I want to setup stencil and layers in some way, to get next result (just a scroll)
But, if I have the layers behind the stencil node (In this example it is back node. But in real projects it can be a lot of nodes), my Scroll zone will be rendered behind of all nodes.
By manual, as I am understand, clipping will rendered like they don’t have any layer. But also there is some notes about render order with clipping with layers.
So, what is the best way to setup nodes, layers and stencil to get needed behavior? Or I need always ignore layers in case like this, with scroll zone inside window?
Yea, gooey examples have layers, but node before stencil don’t have any one. So, if you will try setup full layers - your items in stencil content will be rendered before background in any case
So like on my example: if back will have any layer, all content will be rendered before back node
Any info?
If I have any background and stencil on it, my stencil node will be rendered first, so background will be on top on this (if layers is pointed)

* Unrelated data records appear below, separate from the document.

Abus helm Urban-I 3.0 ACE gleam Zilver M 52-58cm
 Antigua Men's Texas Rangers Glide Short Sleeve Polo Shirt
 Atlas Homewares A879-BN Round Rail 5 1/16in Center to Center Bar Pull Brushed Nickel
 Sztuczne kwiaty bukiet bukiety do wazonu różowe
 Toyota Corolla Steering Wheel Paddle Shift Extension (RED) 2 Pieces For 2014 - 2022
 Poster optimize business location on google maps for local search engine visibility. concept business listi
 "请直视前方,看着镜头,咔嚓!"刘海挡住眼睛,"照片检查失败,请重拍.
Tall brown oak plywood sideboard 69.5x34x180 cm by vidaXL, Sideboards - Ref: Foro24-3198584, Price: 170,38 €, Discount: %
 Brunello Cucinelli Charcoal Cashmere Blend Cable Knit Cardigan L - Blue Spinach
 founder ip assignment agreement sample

Have no idea, how to use layers in GUI like this.
Or it possible to fix in Defold to use stencil with layers?
That is not a bug, this is by design: “A clipping node and its hierarchy will be drawn first if it has a layer assigned and in the regular order if no layer is assigned.”
In complex scenes stencils can be quite frustrating to work with.
Here is an example (scroll down to Example of the complexity stencil add)
The “correct way” is simply to work as defold forces you to work. Meaning set everything “under” a stencil to the null layer (as the example shows). There are also other ways to do this like breaking out parts into separate gui scenes and loading in them as new scenes with a higher gui.set_render_order.